With the hopefully-at-least-somewhat-neutral summary completed, my own current thoughts:

I think starting with prefix validation (as PEP 752 does) is a bad idea. I see potential value in the general notion of supporting namespace prefix grants on PyPI (especially given an explicit syntax for requesting only official packages within a namespace prefix), but without a way for users to indicate to PyPI clients which namespace owners they consider trustworthy, its potential value seems limited.
I really like the idea of using third party domain attestation as the root trust mechanism for publisher verification (specifically, defining a .well-known URL as @woodruffw suggested that clients can use to validate a claim like azure-cli from pyprojects.microsoft.com against the specified domain, rather than having to trust anything published by the repository server itself). Such a mechanism may also help solve the distribution problem for PEP 480 TUF signing keys.

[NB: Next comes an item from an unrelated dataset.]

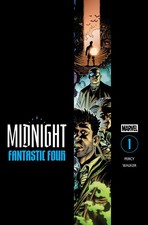 Midnight Fantastic Four #1 CVR A Cover Variant Pre Order 10/7/26 Marvel Comics picture
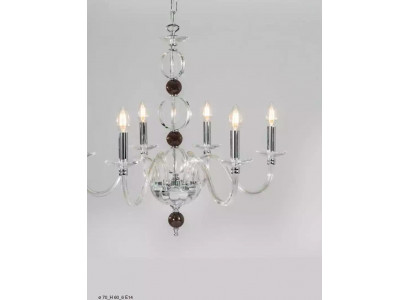 Elegante deckenlampe klassischer kronleuchter kristallkronleuchter neu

there’s a valid concern that clients spidering out to check attestations against multiple domains could bring back the bad old days of find-links external repository metadata causing installation reliability problems before PEP 470 removed that feature. Implementation PEPs would need to address that concern (e.g. by having most packages continue to default to using PyPI as their sole publishing authority, and by leveraging PEP 740 to have PyPI host checkable metadata for cases where the third party attestation servers are unavailable). Having artifact level hashes pre-empt the need to check project level attestations is also aimed at avoiding this problem (since lock file users would only potentially face issues at lock file resolution time, not when installing from a lock that contains artifact hashes)
I like the general idea of “trust on first use” as the basis for adding new trusted publishers to a personal development environment, but I think any practical UX for that feature is going to need a way to provide a base set of trust rules, defined either by a specific organisation (for institutional use), or by the PSF (for new users in general). The differences between TLS usability (wide-spread) vs SSH usability (niche, only for highly technical users) is a major influence on my thinking here.
the procedural efforts needed for the PSF to be able to administer the restricted namespace grants proposed in PEP 752 feel like they could be better invested in a more general “verified publisher” program that goes beyond the basic metadata validation that PyPI is already doing. Such a program could also potentially have multiple tiers, such as “verified” (the PSF is aware of the publisher’s legal identity, is satisfied it is a genuine identification, and that the user won’t intentionally publish malware), and “high assurance” (the PSF is confident the publishing access for that account is appropriately controlled with a low risk of malicious compromise).